The-Shadow-He-Pursues

The Shadow He Pursues (Charcoal and Gesso on Canvas Board 60cm x 60cm)

This was the third and final submission to the Kyffin Williams Drawing Prize to be held at the Oriel, and I’m pleased to say that this piece was accepted!

It was inspired by reading Sir Kyffin’s anecdote from his book, ‘A Wider Sky’, as quoted by Andrew Green in his lecture of 2016:

One summer evening, not long after I arrived at Pwllfanogl, a friend came to visit me with his small son aged five. As we stood at the water’s edge, with gentle waves breaking at our feet, the little boy looked up at me:

‘What will happen to you when you die?’ he asked with a look of concern on his face. I knew I had to answer with a confidence I did not possess.

‘Oh, it will be wonderful,’ I said. ‘I shall slip into the sea and be swept away by the water, and I shall be carried under the bridges and away to Penmon and the open sea. Oh, yes, it will be rather wonderful.’

As he listened to me the worry seemed to disappear from his face and he ran off to throw stones into the waters that were to carry me away …

This was such a beautiful story and conjured up such a wonderful image of hope in the face of the inevitability of death.

It also brought to mind a vision of Sir Kyffin standing on the shore of the Menai Straits on his beloved Anglesey and staring at the other love of his life, Snowdonia. Snowdon itself appears in outline in my drawing, and this seemed apt since I’m led to believe that Yr Wyddfa translates as ‘The Tomb’, although I’ve been unable to confirm it with Welsh speaking friends.

In one of his talks, Sir Kyffin also spoke about his encounters with a Brocken Spectre, something with which the hill farmers he so often portrayed would have been familiar, so I’ve incorporated it into the drawing as well as making reference to it with the title, taken from the final line of Samuel Taylor Coleridge‘s poem “Constancy to an Ideal Object”:

And art thou nothing?
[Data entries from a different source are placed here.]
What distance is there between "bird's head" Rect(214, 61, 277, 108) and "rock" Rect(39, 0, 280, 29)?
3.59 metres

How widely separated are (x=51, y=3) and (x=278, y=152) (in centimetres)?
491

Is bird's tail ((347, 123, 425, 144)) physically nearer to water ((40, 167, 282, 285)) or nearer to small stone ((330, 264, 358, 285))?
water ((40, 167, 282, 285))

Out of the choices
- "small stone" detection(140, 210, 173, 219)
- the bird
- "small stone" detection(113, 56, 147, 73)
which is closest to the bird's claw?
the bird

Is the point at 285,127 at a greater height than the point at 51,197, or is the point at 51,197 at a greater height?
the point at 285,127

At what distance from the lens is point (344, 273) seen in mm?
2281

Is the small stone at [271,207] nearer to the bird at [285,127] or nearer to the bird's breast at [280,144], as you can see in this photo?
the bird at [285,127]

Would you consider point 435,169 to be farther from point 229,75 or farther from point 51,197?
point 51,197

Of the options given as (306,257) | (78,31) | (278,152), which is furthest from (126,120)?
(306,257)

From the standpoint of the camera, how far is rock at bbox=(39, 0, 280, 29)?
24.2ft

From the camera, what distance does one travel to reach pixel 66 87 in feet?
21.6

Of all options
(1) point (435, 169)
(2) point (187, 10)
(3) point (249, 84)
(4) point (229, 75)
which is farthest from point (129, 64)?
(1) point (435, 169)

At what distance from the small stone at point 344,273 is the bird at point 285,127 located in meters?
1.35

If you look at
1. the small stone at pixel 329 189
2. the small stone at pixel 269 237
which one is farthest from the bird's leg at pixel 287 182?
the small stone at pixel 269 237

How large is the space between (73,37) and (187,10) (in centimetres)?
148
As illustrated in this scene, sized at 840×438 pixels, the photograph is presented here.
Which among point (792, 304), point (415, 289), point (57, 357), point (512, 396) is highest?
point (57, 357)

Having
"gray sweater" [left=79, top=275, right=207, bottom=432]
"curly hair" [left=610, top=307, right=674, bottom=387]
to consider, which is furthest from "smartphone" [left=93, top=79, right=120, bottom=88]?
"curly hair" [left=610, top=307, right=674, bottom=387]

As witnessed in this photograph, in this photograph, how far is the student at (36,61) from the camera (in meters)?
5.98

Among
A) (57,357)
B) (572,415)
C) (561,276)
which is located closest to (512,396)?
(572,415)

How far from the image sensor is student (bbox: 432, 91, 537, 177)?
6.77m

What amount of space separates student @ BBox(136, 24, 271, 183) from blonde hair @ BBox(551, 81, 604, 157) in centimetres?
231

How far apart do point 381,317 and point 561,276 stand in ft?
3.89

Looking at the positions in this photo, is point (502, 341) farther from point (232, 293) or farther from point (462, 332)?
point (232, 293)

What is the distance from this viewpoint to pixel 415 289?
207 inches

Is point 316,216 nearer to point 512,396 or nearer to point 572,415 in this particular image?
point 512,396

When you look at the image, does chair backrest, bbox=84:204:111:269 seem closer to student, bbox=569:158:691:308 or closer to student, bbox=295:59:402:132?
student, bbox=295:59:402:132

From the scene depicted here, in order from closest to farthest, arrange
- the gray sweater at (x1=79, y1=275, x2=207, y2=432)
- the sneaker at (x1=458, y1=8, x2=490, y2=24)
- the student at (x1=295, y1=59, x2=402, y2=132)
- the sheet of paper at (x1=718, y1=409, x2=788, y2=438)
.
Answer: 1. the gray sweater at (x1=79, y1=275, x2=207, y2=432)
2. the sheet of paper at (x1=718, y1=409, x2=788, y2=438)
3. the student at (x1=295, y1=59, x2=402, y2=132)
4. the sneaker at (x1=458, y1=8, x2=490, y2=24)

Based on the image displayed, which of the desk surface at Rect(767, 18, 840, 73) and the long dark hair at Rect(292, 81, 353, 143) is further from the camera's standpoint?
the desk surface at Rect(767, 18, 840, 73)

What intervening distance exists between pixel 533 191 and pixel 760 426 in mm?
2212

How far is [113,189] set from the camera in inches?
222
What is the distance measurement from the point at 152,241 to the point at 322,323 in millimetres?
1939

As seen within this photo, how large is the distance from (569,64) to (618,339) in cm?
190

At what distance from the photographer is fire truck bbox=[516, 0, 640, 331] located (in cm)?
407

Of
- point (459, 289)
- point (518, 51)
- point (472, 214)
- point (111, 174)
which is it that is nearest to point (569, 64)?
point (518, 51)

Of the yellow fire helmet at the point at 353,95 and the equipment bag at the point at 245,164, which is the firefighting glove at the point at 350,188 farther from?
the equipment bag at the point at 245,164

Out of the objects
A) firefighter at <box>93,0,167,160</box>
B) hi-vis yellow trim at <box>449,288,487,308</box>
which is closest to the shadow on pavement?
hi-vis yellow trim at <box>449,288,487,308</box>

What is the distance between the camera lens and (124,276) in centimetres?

Such thou art, as when
The woodman winding westward up the glen
At wintry dawn, where o’er the sheep-track’s maze
The viewless snow-mist weaves a glist’ning haze,
Sees full before him, gliding without tread,
An image with a glory round its head;
The enamoured rustic worships its fair hues,
Nor knows he makes the shadow he pursues!

As with the other pieces in the series, I’ve attempted to draw wider parallels within this submission by metamorphosing the shadow/Brocken Spectre into the silhouette of the Rev. Michael D. Jones, who was the visionary who “proposed setting up a Welsh-speaking colony away from the influence of the English language“, which led to the creation of the Welsh enclave, Yr Wladfa (The Colony) in Patagonia, Argentina.

In making this allusion, I was trying to suggest that, whilst death comes to us all, you can’t kill an idea, especially when they are passed on one from one generation to the next.


The series of three drawings is intended to pay homage to the life of Sir Kyffin Williams in this, the centenary of his birth, and they were inspired by reading numerous articles, writings and speeches by and about him. Any historical or interpretive inaccuracies are entirely my own!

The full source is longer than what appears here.